Dr Ranj said: “Our relationship was wonderful to start with. We were good for each other in many ways and we had a great time together.

"However, over time I think I started coming to the realisation that she wasn’t the person I wanted to spend the rest of my life with. Something just didn’t seem right and I couldn’t work it out.

"The cracks started appearing and I drifted away from her, although I remained faithful.

"Our relationship broke down and I started to feel like my life was unravelling. Then those feelings that I had ignored for so long began to surface and I didn’t know how to cope.

"I just remember feeling like I didn’t have any control over my life anymore and that I didn’t know who I was. I was a complete and utter mess - a very sad, destructive, angry mess."

Dr Ranj came out to his wife in 2009 at the age of 30 but not before dealing with an immense pressure that led him to contemplate suicide.

The former Strictly Come Dancing contestant added: “I came out of a straight relationship and started to accept who I actually was.

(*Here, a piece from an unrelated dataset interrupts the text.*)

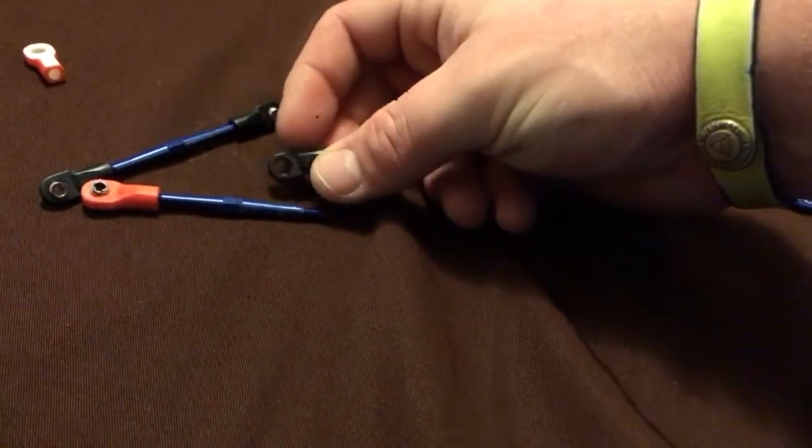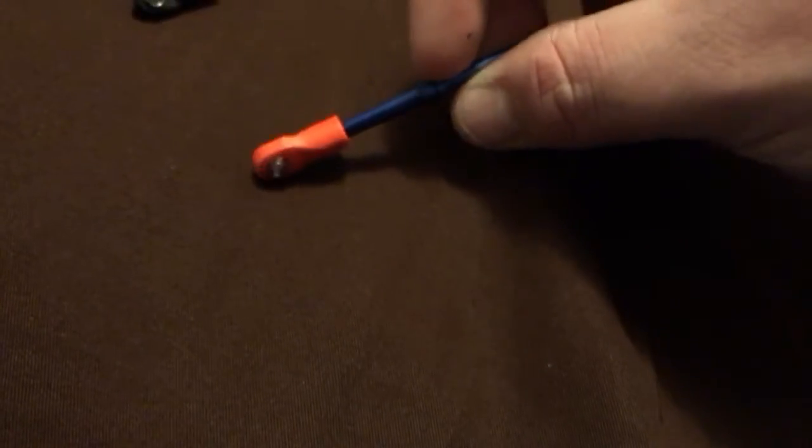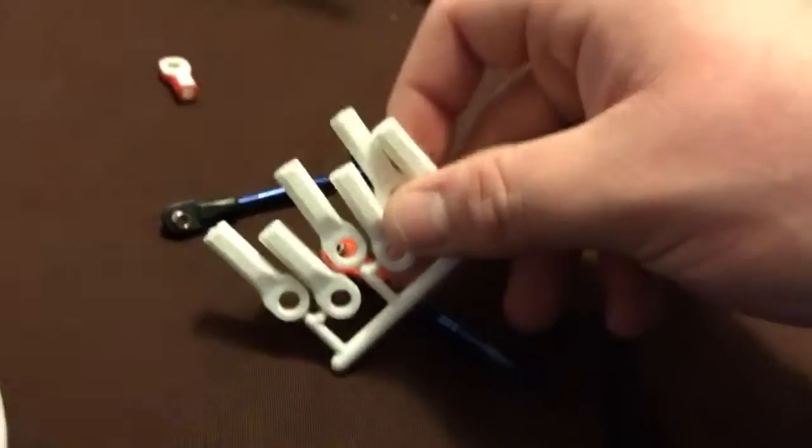What we're doing is taking these little black things off, and the little piece right there, and we're putting them into these RPM end pieces instead of the Traxxas ones.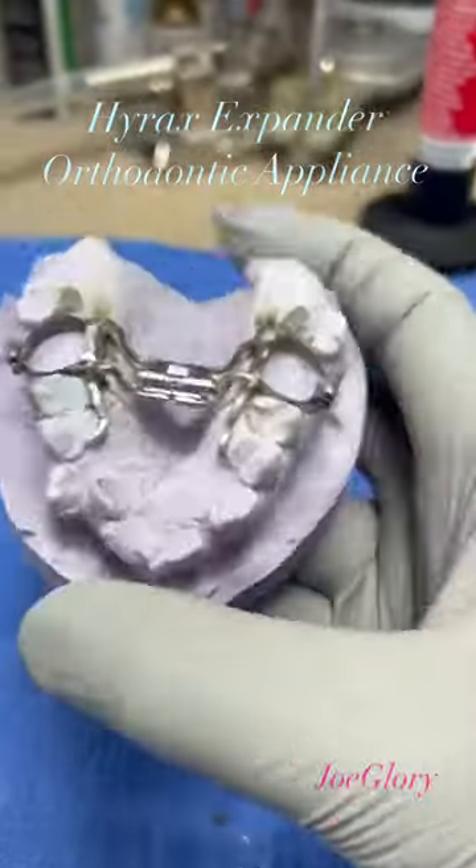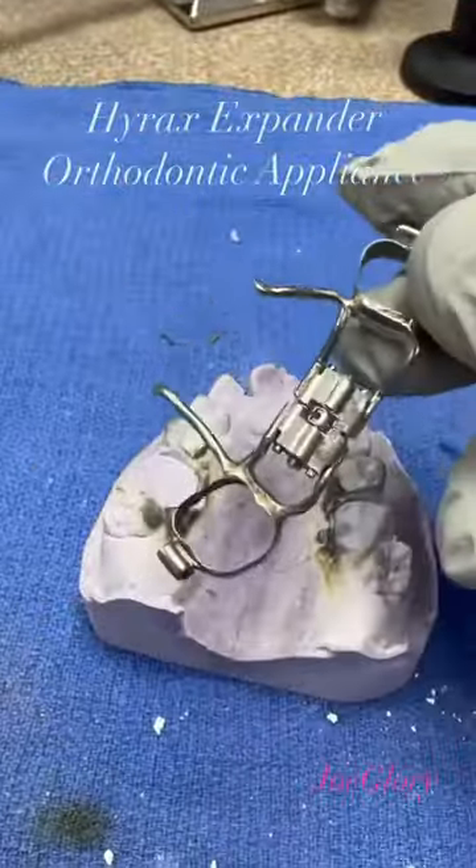Here you go guys, that's the Hyrax — a Hyrax expander is an orthodontic appliance.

“I was truly broken. I felt like I was a really bad, horrible person just for being true to myself. In times like that, you have really dark thoughts and I did have times when I thought it would be easier not to be here.”

Dr Ranj explained if it wasn’t for the kindness and grace of his family, friends and the LGBTQ+ community, he wouldn’t have been able to ‘put himself together again’.

After making the jump from the medical world to the media industry, the star revealed how he encountered homophobic prejudice while working in the NHS.

He added: “The media industry is much more accepting, but I feel like the medical world has a little further to go.

“It’s a bit ironic that the caring profession could ever be prejudiced, but it does happen.

“People like myself and so many others are here to change that, though.”

Dr Ranj fronted the cover of Gay Times magazine as part of a special celebration of LGBTQ+ Asians and has been an advocate for LGBTQ rights for some time now, especially among minorities.

The media personality’s work didn’t go unnoticed as he won the Attitude TV Award in 2019.